> [Task goal] From the line containing "Blue Black Fluer 5x5 Desk Photo Frame" down to the line containing "Keep Calm Janitor" in the records below, reproduce every line exactly, ends included, and omit all others.

> [Input records]

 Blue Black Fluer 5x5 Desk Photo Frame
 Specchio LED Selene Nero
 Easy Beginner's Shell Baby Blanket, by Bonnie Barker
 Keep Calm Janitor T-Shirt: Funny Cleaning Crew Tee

---

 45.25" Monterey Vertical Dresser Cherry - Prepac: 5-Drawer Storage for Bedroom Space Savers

> [Final answer]
 Blue Black Fluer 5x5 Desk Photo Frame
 Specchio LED Selene Nero
 Easy Beginner's Shell Baby Blanket, by Bonnie Barker
 Keep Calm Janitor T-Shirt: Funny Cleaning Crew Tee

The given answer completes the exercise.